[Federal Register Volume 77, Number 191 (Tuesday, October 2, 2012)]
[Pages 60137-60138]
From the Federal Register Online via the Government Printing Office [www.gpo.gov]
[FR Doc No: 2012-24262]



Fish and Wildlife Service

[FWS-R6-2012-N197; FF06R06000-FXRS1265066CCP0S2-123]

Lee Metcalf National Wildlife Refuge, Ravalli County, MT; Final 
Comprehensive Conservation Plan and Finding of No Significant Impact 
for Environmental Assessment

AGENCY: Fish and Wildlife Service, Interior.
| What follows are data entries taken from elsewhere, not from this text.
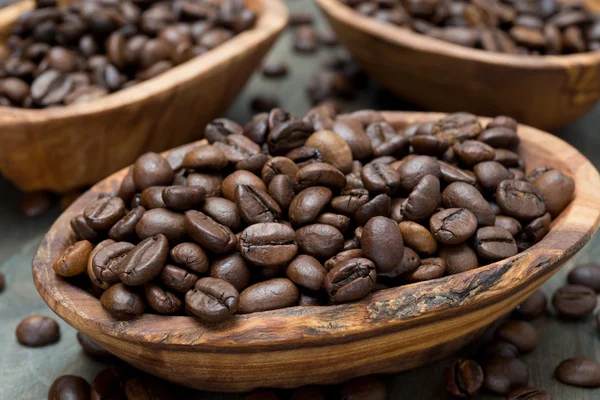 Grãos de café em uma tigelas de madeira, close-up — Fotografia de Stock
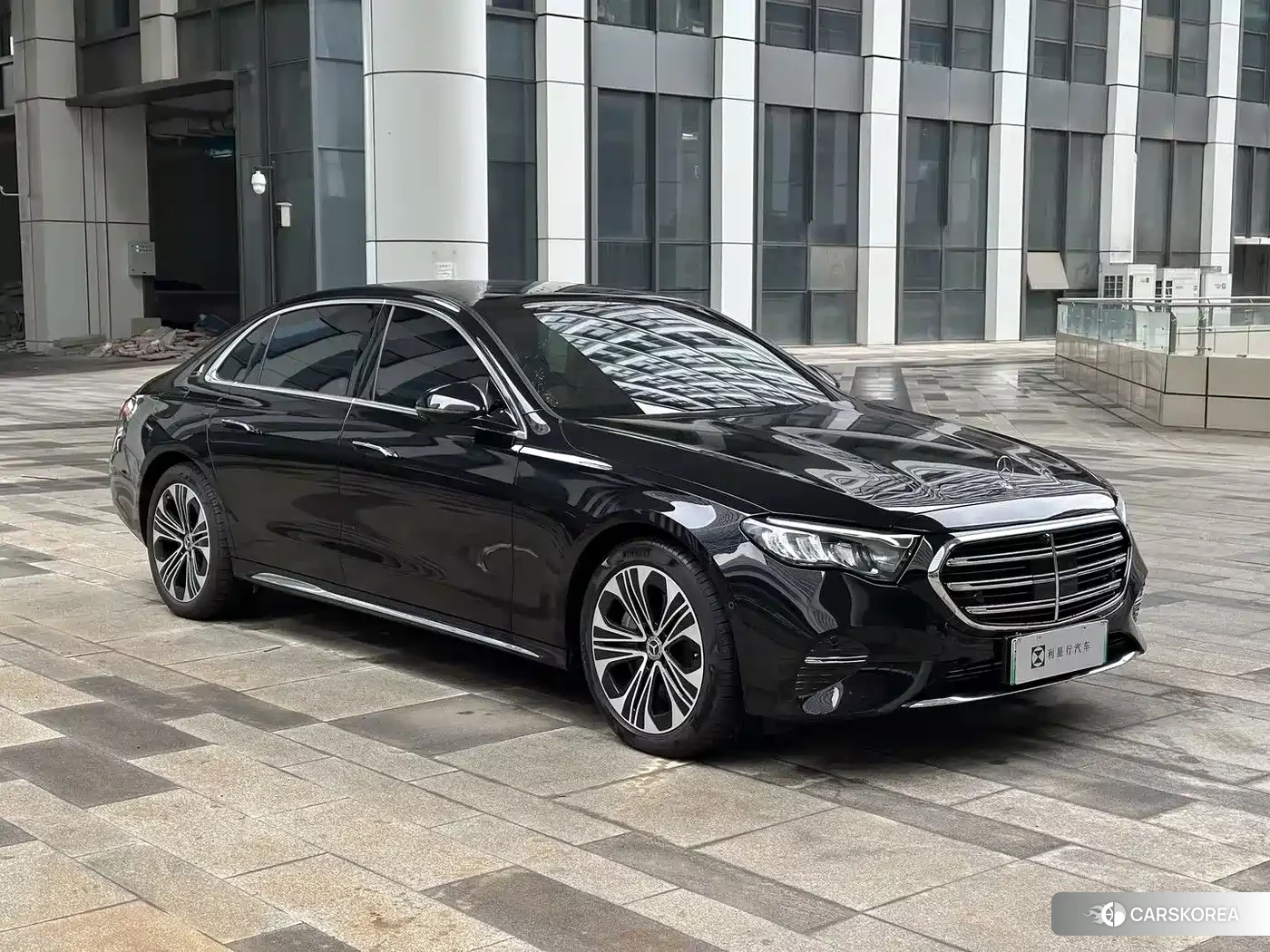 Mercedes-Benz E-Class 2025 Черный из Китая, фото 2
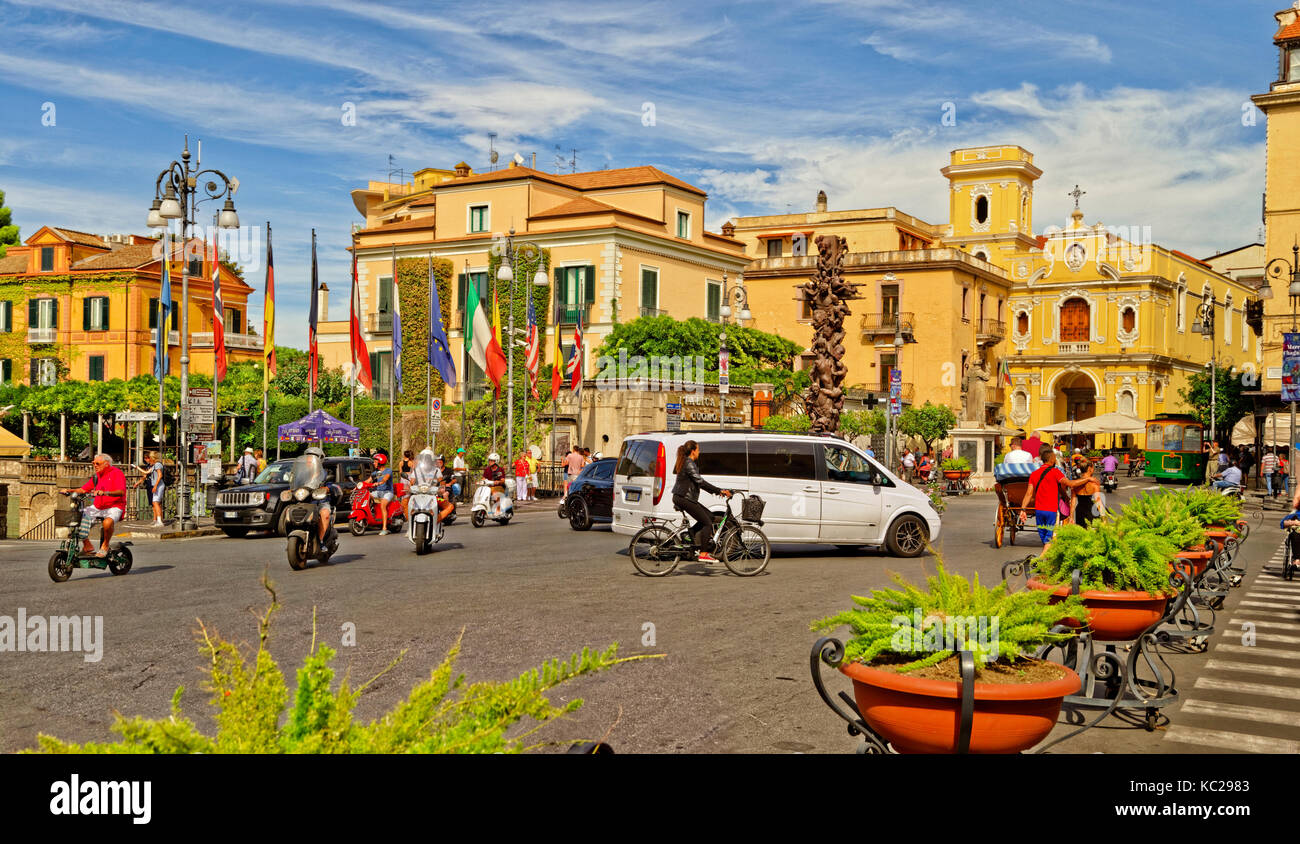 Piazza Tasso, la place principale de Sorrento, près de Naples, Italie. Banque D'Images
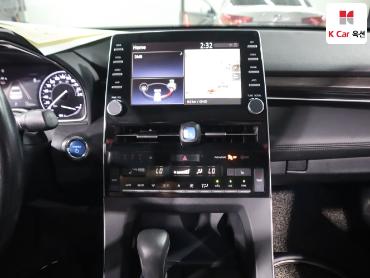 2019 - toyota avalon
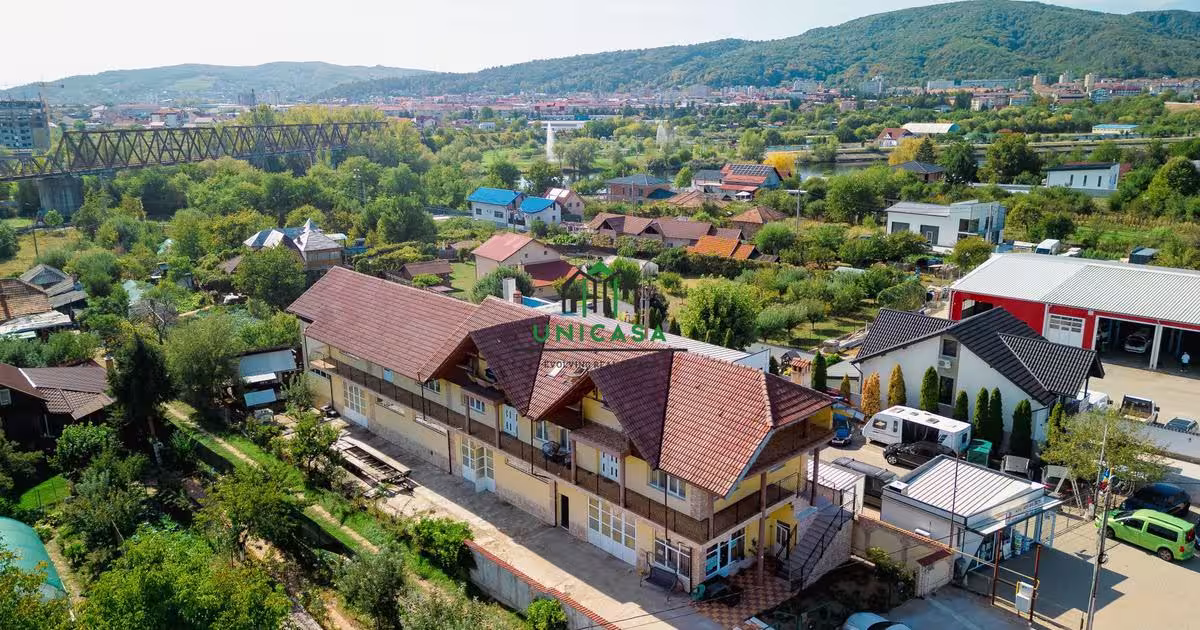 Casă individuală 891 mp cu 10 camere în zona Goranu, Râmnicu Vâlcea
ACTION: Notice of availability.


SUMMARY: We, the U.S. Fish and Wildlife Service (Service), announce the 
availability of our final comprehensive conservation plan (CCP) and 
finding of no significant impact (FONSI) for the environmental 
assessment (EA) for Lee Metcalf National Wildlife Refuge Complex 
(refuge), Stevensville, MT. In this final CCP, we describe how we will 
manage this refuge for the next 15 years.
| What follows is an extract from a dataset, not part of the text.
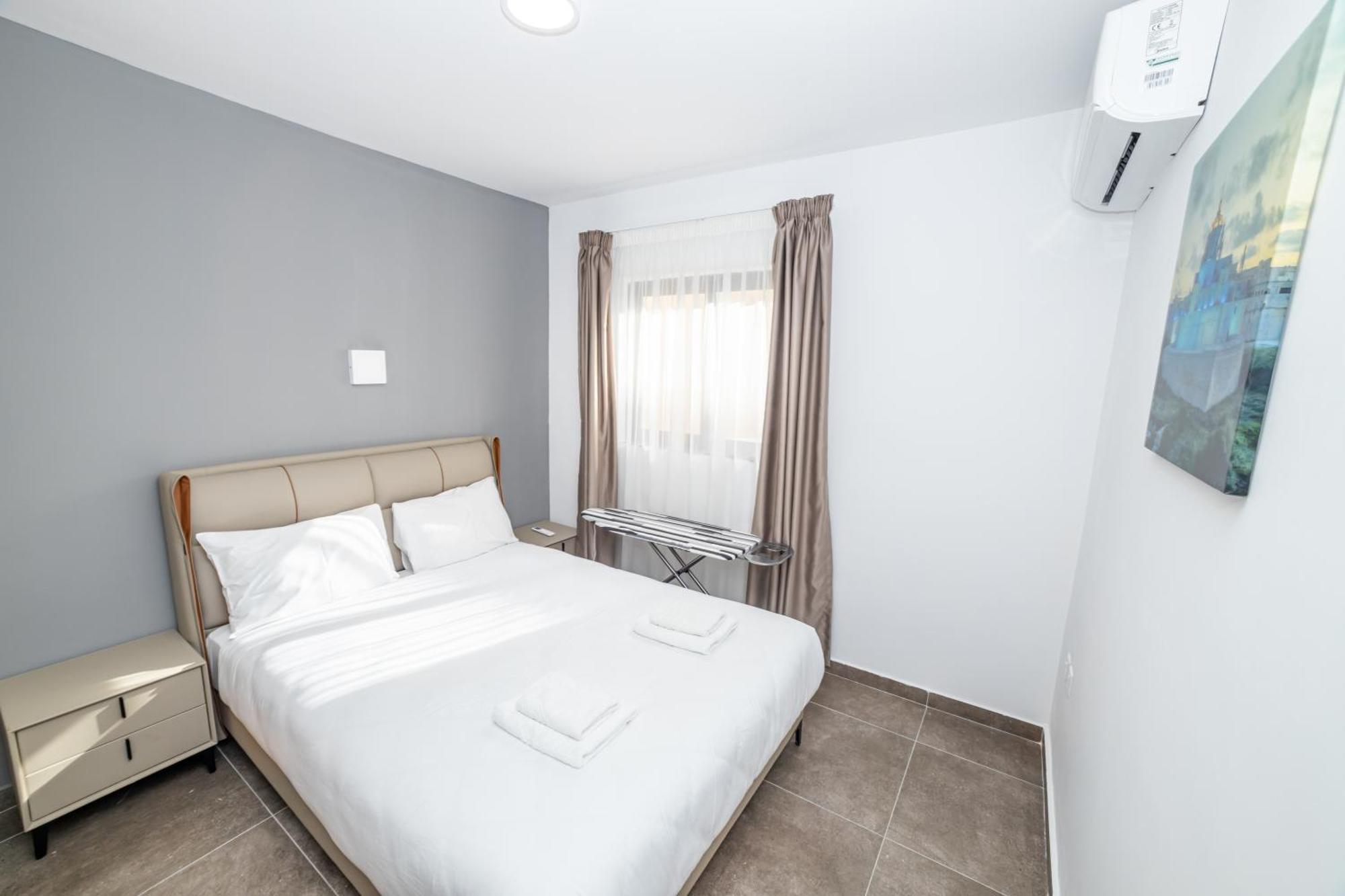Apartment Charming Corner With Country View 2br *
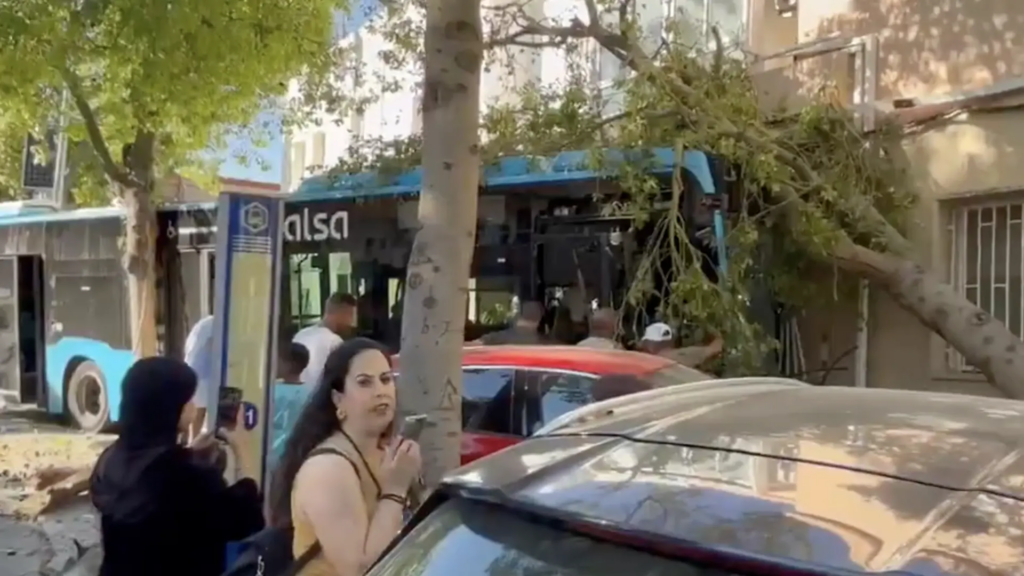 Un autobús se empotra contra una vivienda en Cartagena y deja ocho heridos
ADDRESSES: You may view or obtain copies of the final CCP and FONSI/EA 
by any one of the following methods.
    Agency Web Site: Download a copy of the document at from http://mountain-prairie.fws.gov/planning;
    Email: leemetcalf@fws.gov. Include ``Lee Metcalf final CCP'' in the 
subject line of the message;
    U.S. mail: U.S. Fish and Wildlife Service, Division of Refuge 
Planning, P.O. Box 25486, Denver Federal Center, Denver, CO 80225; or
    In-Person Viewing or Pickup: Call 406-777-5552 to make an 
appointment during regular business hours at 4567 Wildfowl Lane, 
Stevensville, MT.

FOR FURTHER INFORMATION CONTACT: Laura King, 406-644-2211, ext. 210; 
leemetcalf@fws.gov (email).



    With this notice, we finalize the CCP process for Lee Metcalf 
National Wildlife Refuge. We started this process through a notice in 
the Federal Register (74 FR 50235; September 30, 2009). We released the 
draft CCP and the EA to the public, announcing and requesting comments 
in a notice of availability in the Federal Register (77 FR 18852; March 
28, 2012).
    Lee Metcalf National Wildlife Refuge was established February 4, 
1964, and has two purposes:
    (1) ``[F]or use as an inviolate sanctuary, or for any other 
management purpose, for migratory birds'' (Migratory Bird Conservation 
Act); and
    (2) ``for (a) incidental fish and wildlife oriented recreational 
development, (b) the protection of natural resources, [and] (c) the 
conservation of endangered species or threatened species'' (Refuge 
Recreation Act).
    This refuge is located in Ravalli County, one of the fastest 
growing counties in the State of Montana, 2 miles north of Stevensville 
and 25 miles south of Missoula. Although it is one of the nation's 
smaller refuges, encompassing 2,800 acres, it is one of the few 
remaining undeveloped areas in the Bitterroot Valley. The refuge lies 
along the meandering Bitterroot River and is comprised of wet meadow 
and gallery and riverfront forest habitats and has created and modified 
    Riverfront forest includes early succession tree species such as 
black cottonwood and sandbar willow that are present near the active 
channel of the Bitterroot River and next to floodplain drainages. 
Gallery forest is dominated by cottonwood and ponderosa pine and is 
present on higher floodplain elevations along natural levees. Over 
140,000 visitors come to this refuge annually to view and photograph 
wildlife, archery deer hunt, walk the refuge trails, or participate in 
interpretive programs in the indoor and outdoor classrooms. The Refuge 
provides habitat for raptors, including ospreys, and numerous songbird 
and waterbird species.
    We announce our decision and the availability of the FONSI for the 
final CCP for Lee Metcalf National Wildlife Refuge in accordance with 

[[Page 60138]]

Environmental Policy Act (NEPA) (40 CFR 1506.6(b)) requirements. We 
completed a thorough analysis of impacts on the human environment, 
which we included in the EA that accompanied the draft CCP. The CCP 
will guide us in managing and administering Lee Metcalf National 
Wildlife Refuge for the next 15 years. Alternative B, as we described 
in the final CCP, is the foundation for the CCP with two modifications.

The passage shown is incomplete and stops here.